Boxing: dead. Baseball: life support. Badminton expecting a resurgence
Tuesday, May 24th, 2011
Boxing is over. I decided this on the weekend as Bernard Hopkins became the oldest champion in boxing history with his light-heavyweight victory over Jean Pascal in Montreal. 46 years old, and he’s the champion. Any sport where a 46-year-old can be the best in the world is no longer a “sport”. There are now six “sports” I can think of where a 46-year-old can be the “best”. Curling. Golf. Archery. Chess. Croquet. And now boxing. It isn’t the fault of Hopkins who, much as I dislike him, is still a good fighter in great shape with solid skills. It’s that there are no more decent boxers in the world. There’s Manny Pacquiao and a million jars of mayonnaise. It’s over, boxing.
I LOVED the Red Sox-Cubs series over the weekend. Well, except for the results of the games, which didn’t favour my BoSox. But what other sport can see two teams play each other for the first time since 1918, and they play in…the same stadium in which they met 93 years ago? No arena in the world has the history of Fenway Park, and no sport has the incredible history of baseball. That being said, the “throwback” uniforms really showed that in some ways, baseball has improved a LOT over the years. I could barely tell who was who. The team in the potato sacks beat the team in the cut-up bedsheets, I think.

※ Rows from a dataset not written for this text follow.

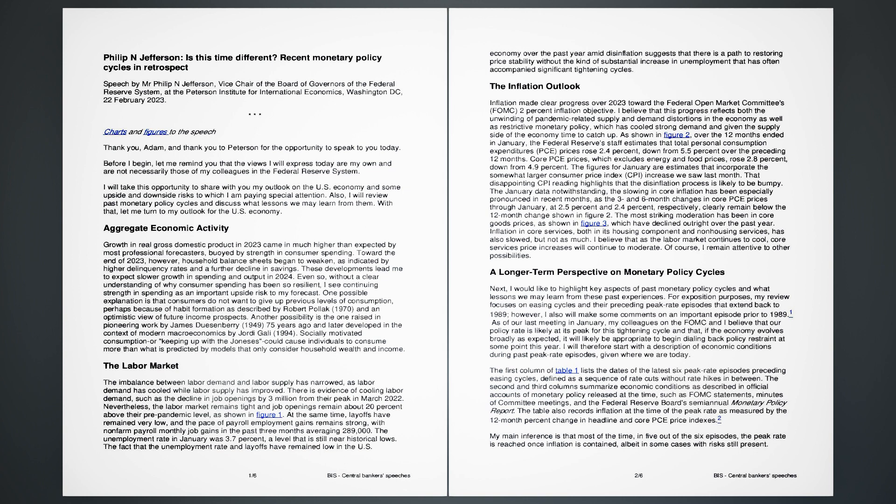The labor market. The imbalance between labor demand and labor supply has narrowed, as labor demand has cooled while labor supply has improved. There is evidence of cooling labor demand, such as the decline in job openings by 3 million from their peak in March 2022. Nevertheless, the labor market remains tight and job openings remain about 20 percent above their pre-pandemic level, as shown in Figure 1. At the same time, layoffs have remained very low, and the pace of payroll employment gains remains strong, with non-farm payroll monthly job gains in the past three months averaging 289,000.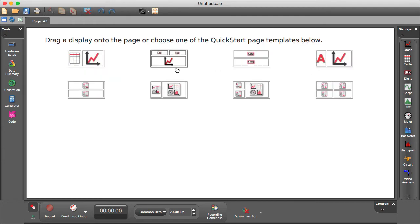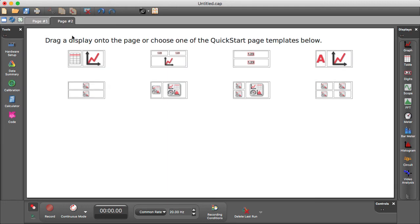Alternatively, no matter where you are in Pasco Capstone 2, when you add a page, you will get those same classic templates.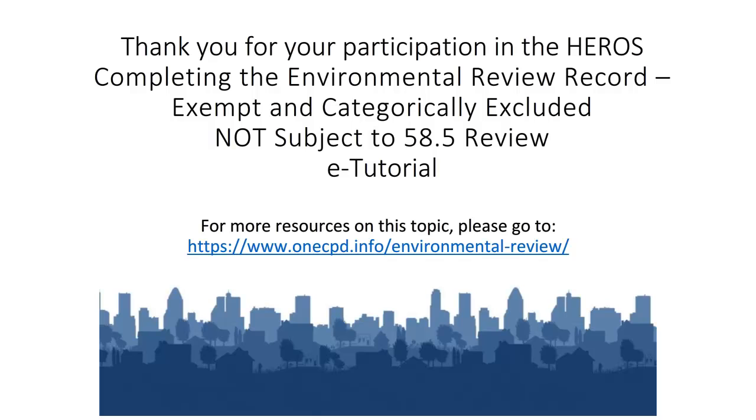Thank you for your participation. This concludes the e-tutorial on finalizing exempt and categorically excluded not subject to reviews. For additional tutorials or resources, go to the OneCPD Resource Library.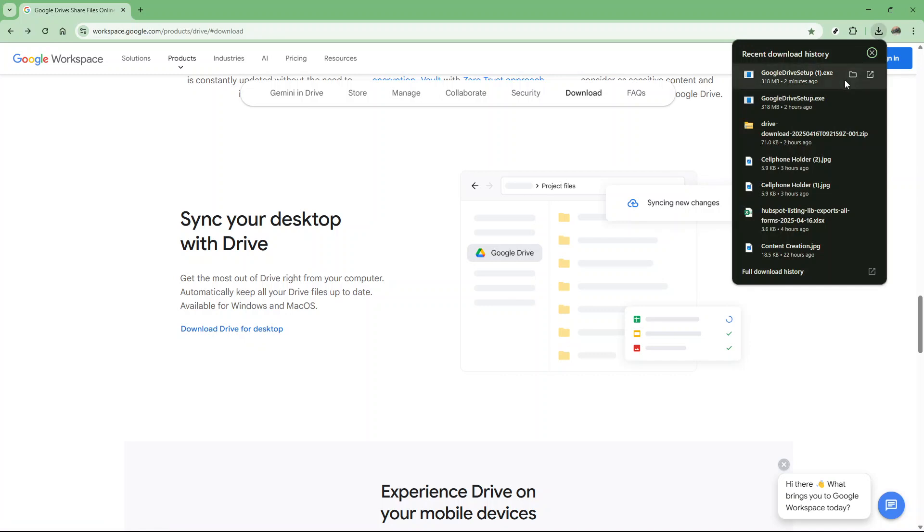Now, once the download is complete, the next step involves installing the application. If you're on a Windows PC, you'll double-click the file named googledrivesetup.exe. For macOS users, you'll look for the file named googledrive.dmg. Go ahead and open that file. You'll then be guided through the installation process with on-screen instructions. It's fairly straightforward, just follow along with the prompts to install the latest version successfully.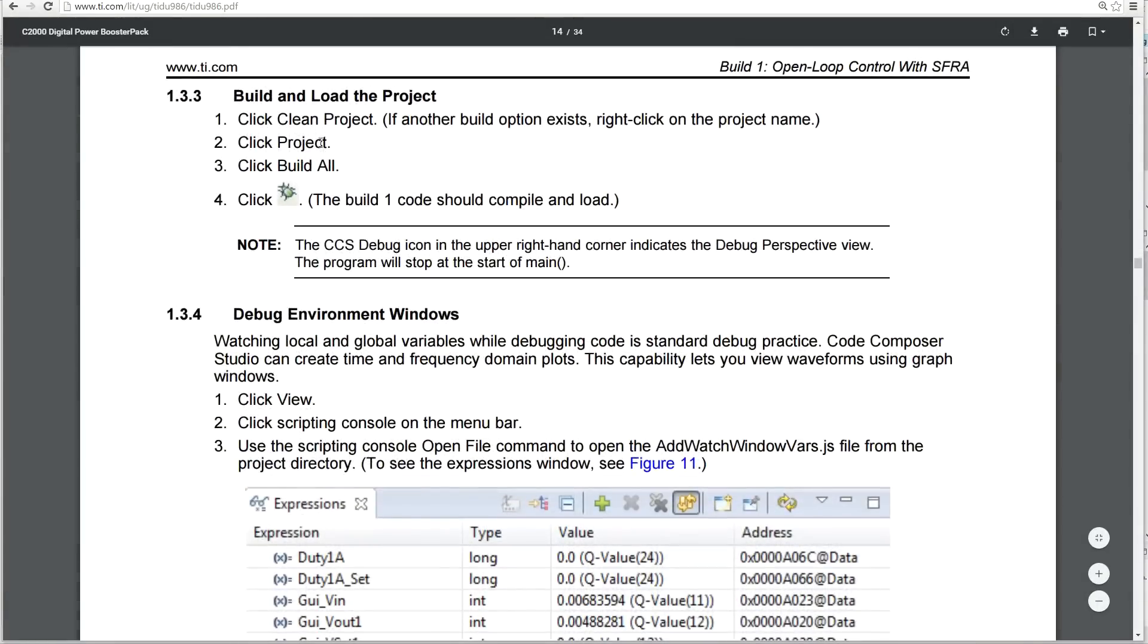And then it tells you just clean the project, build all, and be careful. If you've got a lot of projects loaded, build all will build all of them. My preference is to right-click on the specific project and just tell it to build that one.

It’s too bad Canadians are paying little or no attention to baseball these days. Toronto isn’t going to win anything this year, or any year, but they have the best hitter in the bigs and the best reason to watch game in game out – Jose Bautista is a monster. 19 homers already? In the low-production post-steroid era? Ridiculous.
What’s Tim Thomas thinking, guaranteeing the Bruins win in the series? That’s just asking for trouble. If I’m a defenseman, I’m not even trying any more. We’ll just go ahead and win this one – the goalie’s got it. I’ll just skate around a little to make it look good.
Why is it even news when someone else gets drawn out to tell the world he saw Lance Armstrong using steroids? Is there a single person left in the universe who believes Armstrong, the greatest performer in the dirtiest sport in the world, was clean? And if you give him the “benefit of the doubt”, and say “innocent until proven guilty”, and all that crap, aren’t you just being soft-headed and a little hypocritical? Would you extend the same suspension of disbelief to Barry Bonds? Michael Vick? Mike Tyson? Or are you willing to ignore the mountain of evidence because Armstrong is such a good guy and has a great story? Snap out of it people – the entire myth of Armstrong, the great story, and his feel-good impact on the world is all based on a lie. All of it. Bite me Lance Armstrong.
There is, however, some good news in sports. And that is, the Badminton World Federation is mandating skirts for female badminton players. This might well have the effect of boosting ratings for televised badminton to maybe half the take of beach volleyball, after that federation mandated two-piece bathing suits.